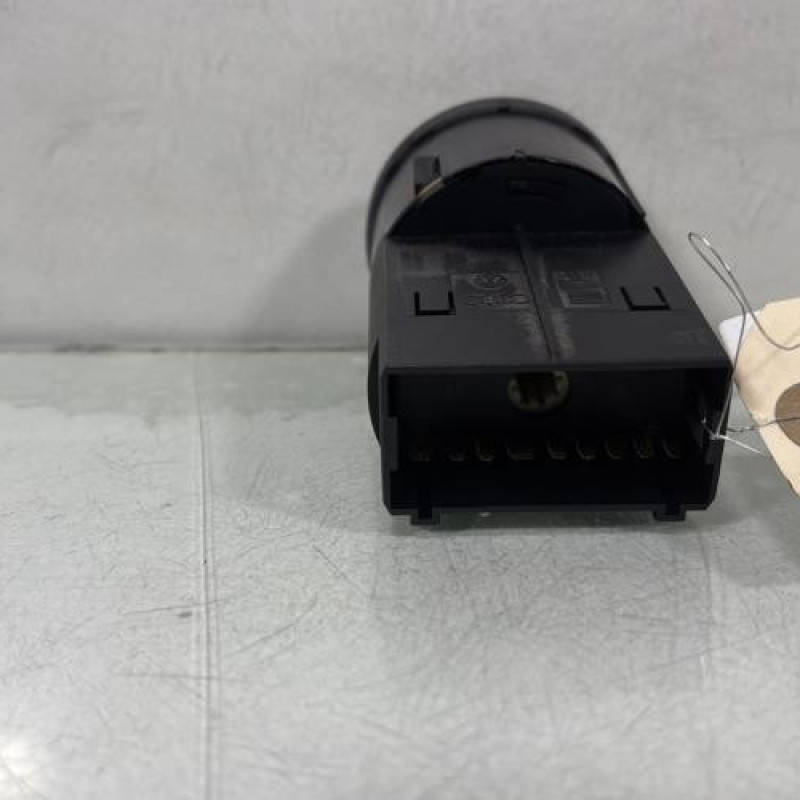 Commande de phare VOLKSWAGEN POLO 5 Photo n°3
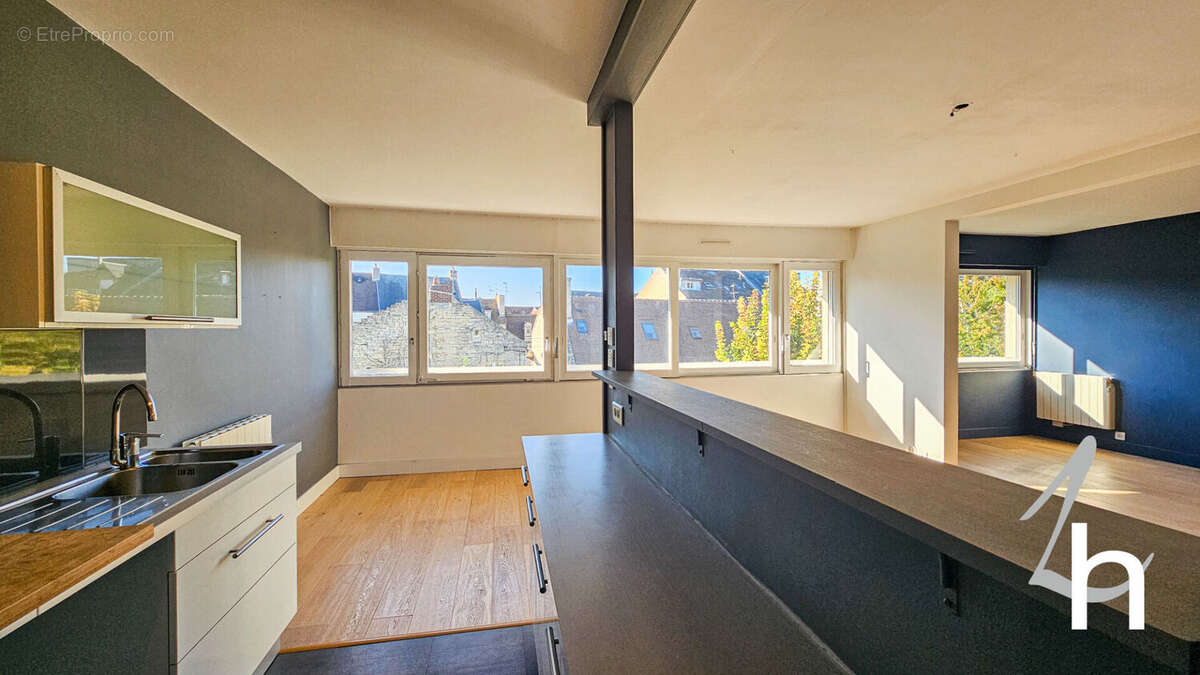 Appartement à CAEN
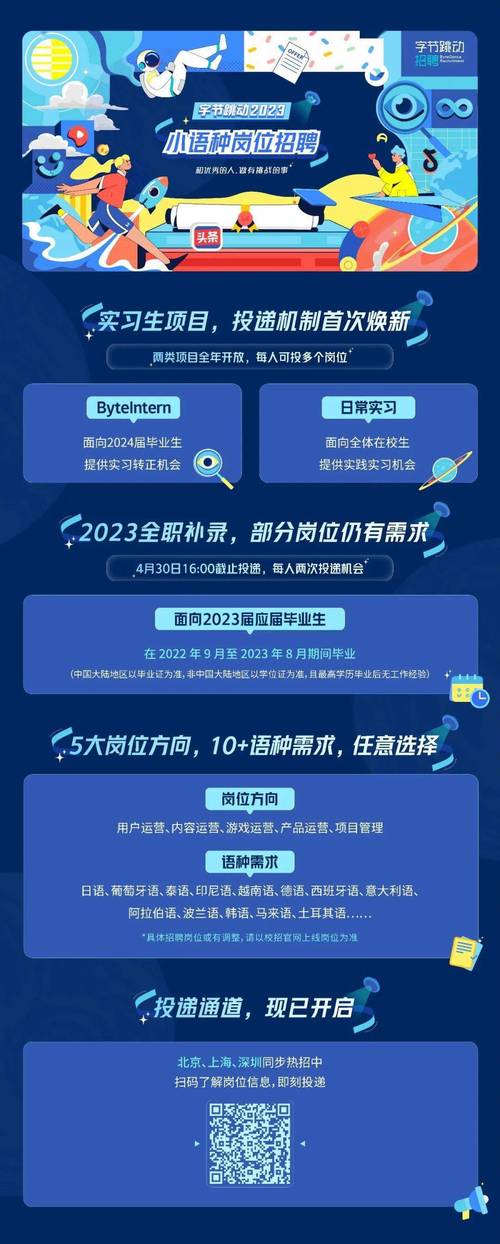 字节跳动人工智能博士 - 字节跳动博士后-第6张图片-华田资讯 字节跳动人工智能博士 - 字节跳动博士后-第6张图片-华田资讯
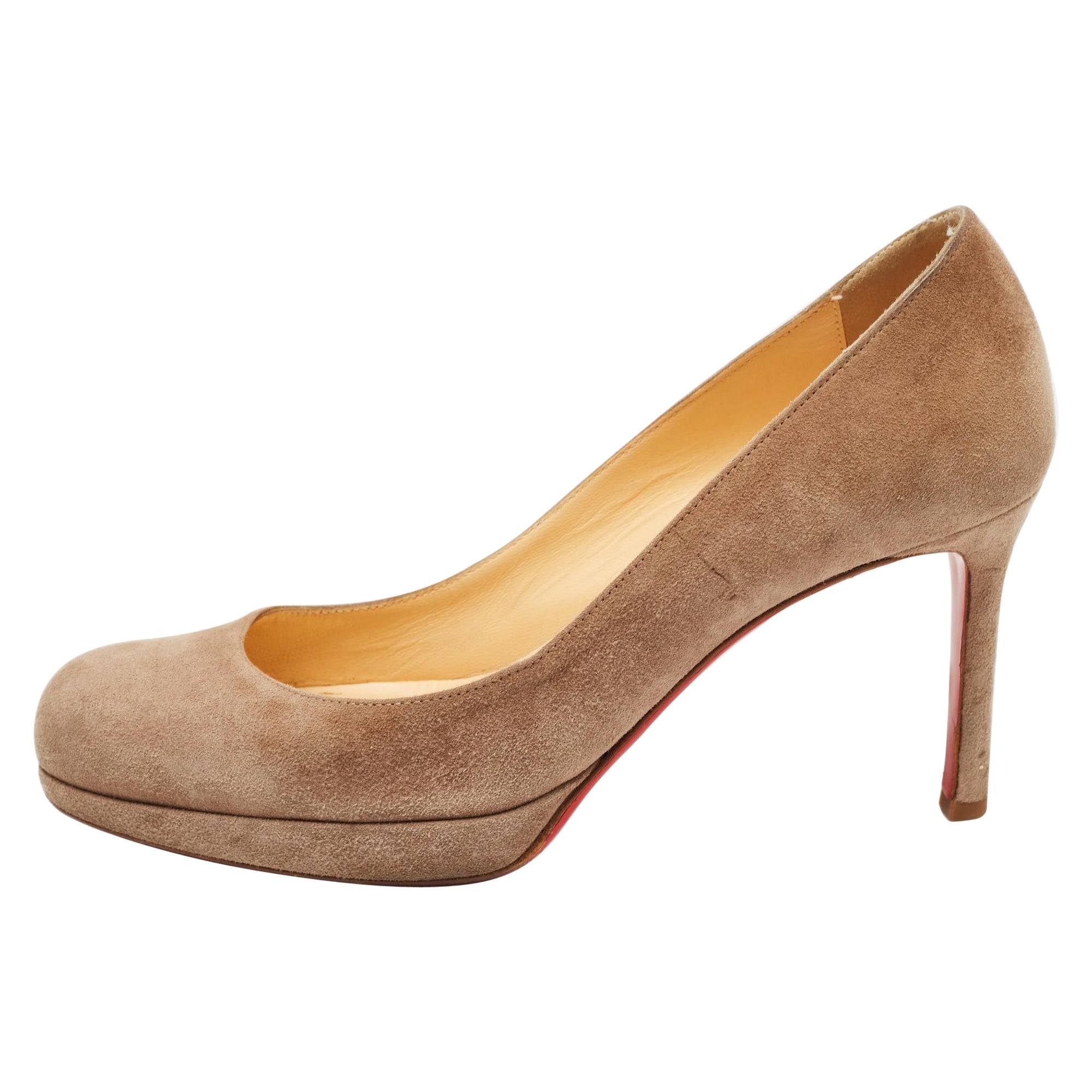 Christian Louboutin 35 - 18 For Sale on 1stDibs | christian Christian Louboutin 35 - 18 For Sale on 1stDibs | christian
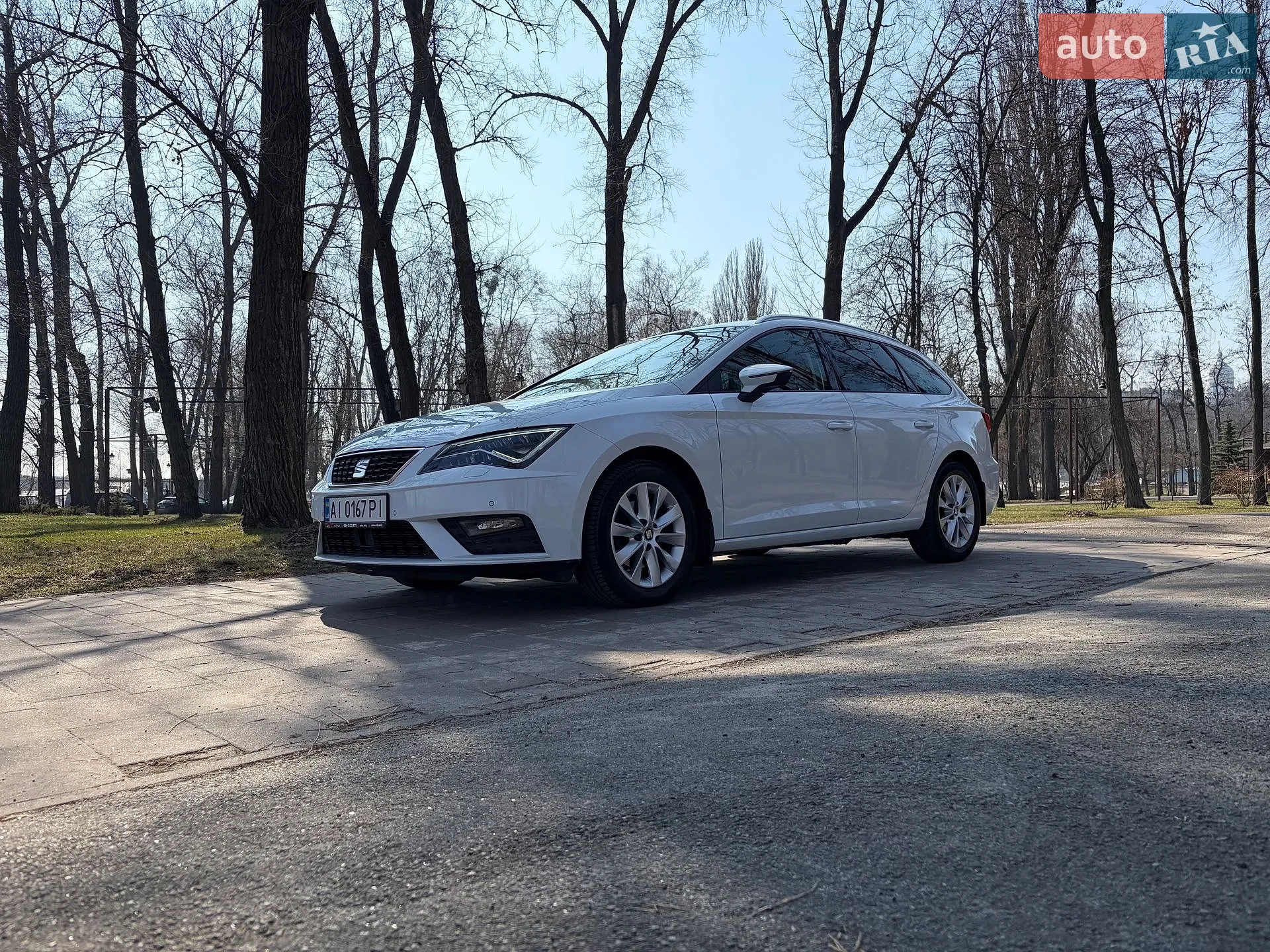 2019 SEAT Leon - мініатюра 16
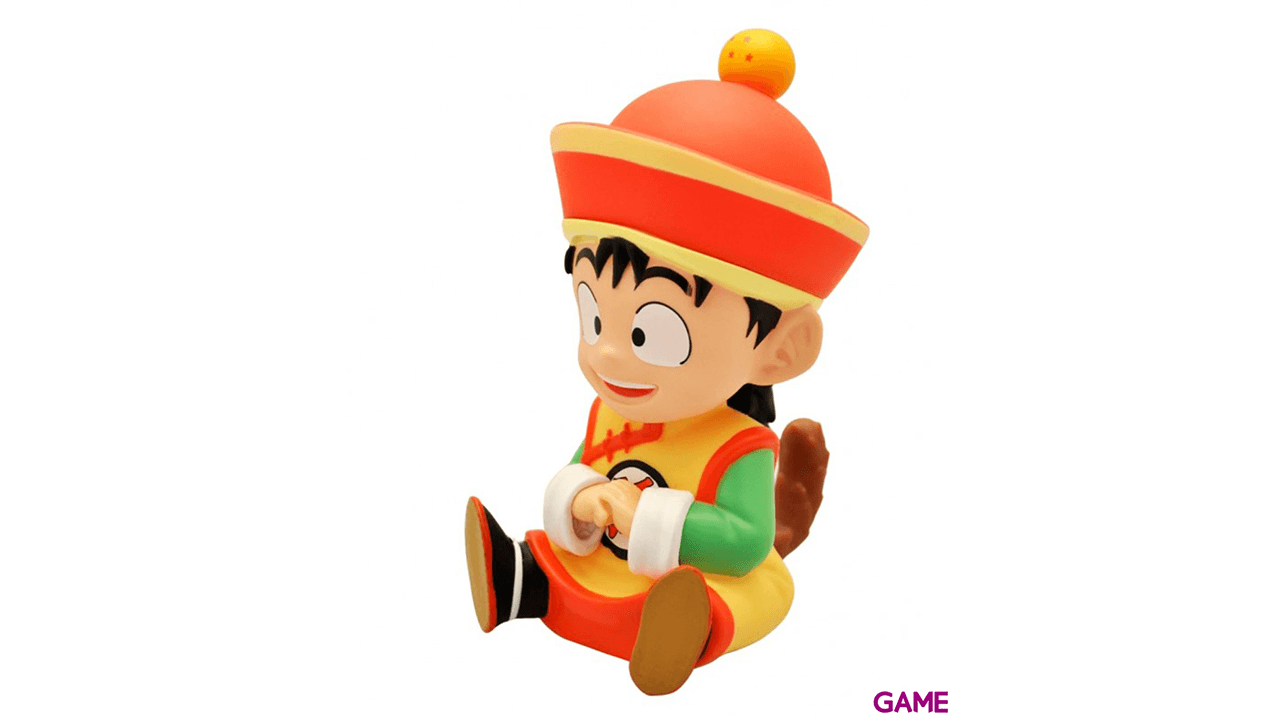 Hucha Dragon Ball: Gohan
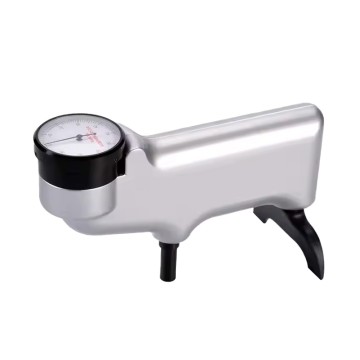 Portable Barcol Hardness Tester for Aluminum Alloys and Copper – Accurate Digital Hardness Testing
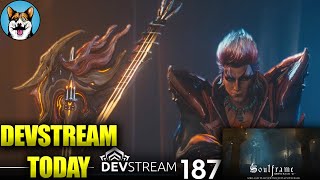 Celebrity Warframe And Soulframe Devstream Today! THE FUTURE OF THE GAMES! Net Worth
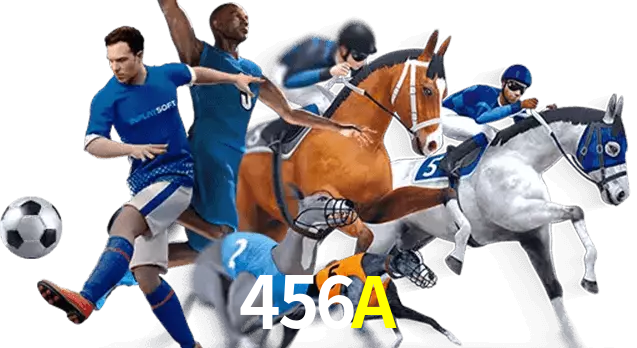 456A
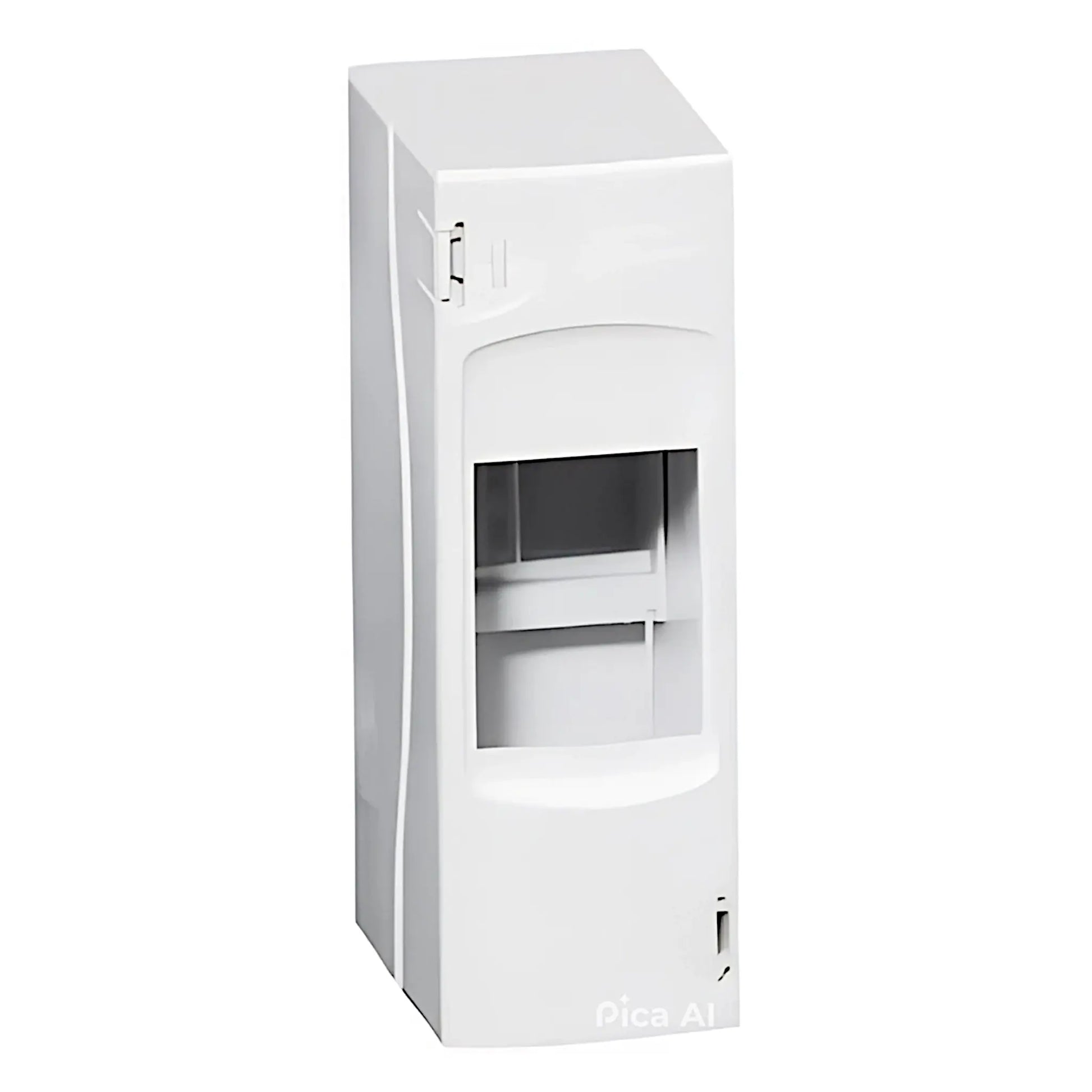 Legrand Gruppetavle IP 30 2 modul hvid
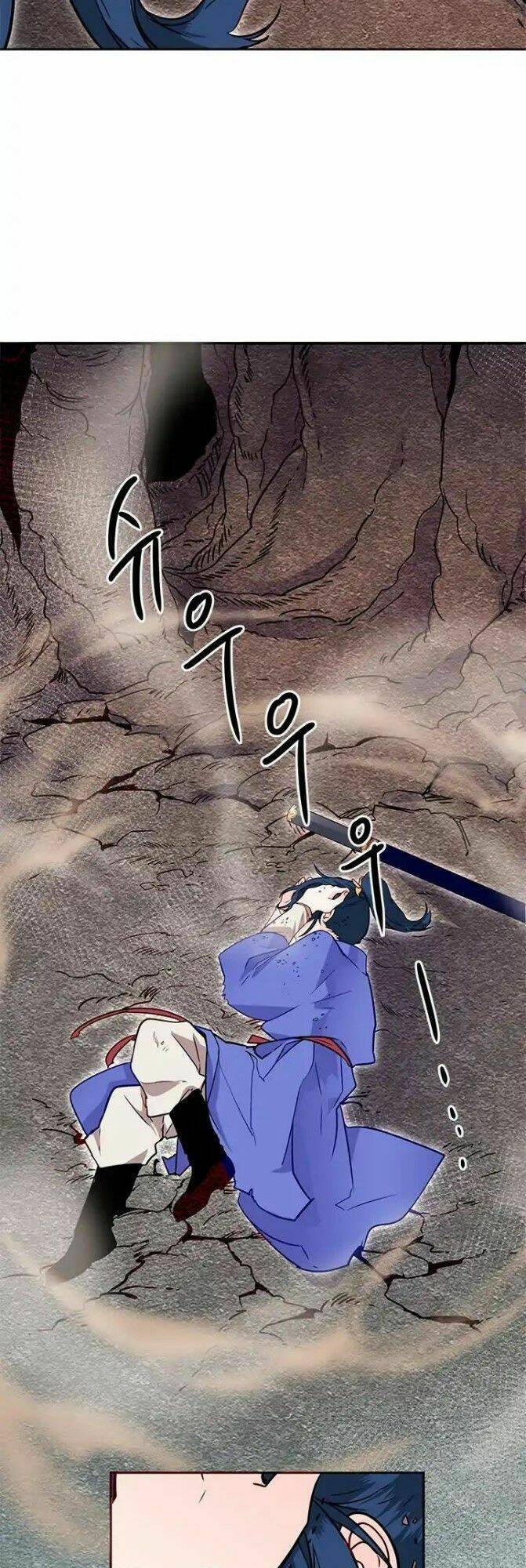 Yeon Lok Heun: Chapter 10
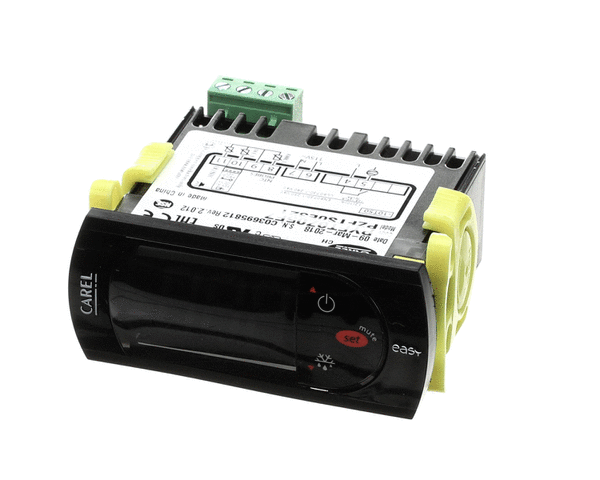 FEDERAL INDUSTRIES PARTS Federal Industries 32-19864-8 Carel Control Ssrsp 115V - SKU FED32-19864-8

* [Problem requirements]: Retype all of the material above exactly; the pictures stay out.

* [Reply]:
 Commande de phare VOLKSWAGEN POLO 5 Photo n°3
 Appartement à CAEN
 字节跳动人工智能博士 - 字节跳动博士后-第6张图片-华田资讯 字节跳动人工智能博士 - 字节跳动博士后-第6张图片-华田资讯
 Christian Louboutin 35 - 18 For Sale on 1stDibs | christian Christian Louboutin 35 - 18 For Sale on 1stDibs | christian
 2019 SEAT Leon - мініатюра 16
 Hucha Dragon Ball: Gohan
 Portable Barcol Hardness Tester for Aluminum Alloys and Copper – Accurate Digital Hardness Testing
 Celebrity Warframe And Soulframe Devstream Today! THE FUTURE OF THE GAMES! Net Worth
 456A
 Legrand Gruppetavle IP 30 2 modul hvid
 Yeon Lok Heun: Chapter 10
 FEDERAL INDUSTRIES PARTS Federal Industries 32-19864-8 Carel Control Ssrsp 115V - SKU FED32-19864-8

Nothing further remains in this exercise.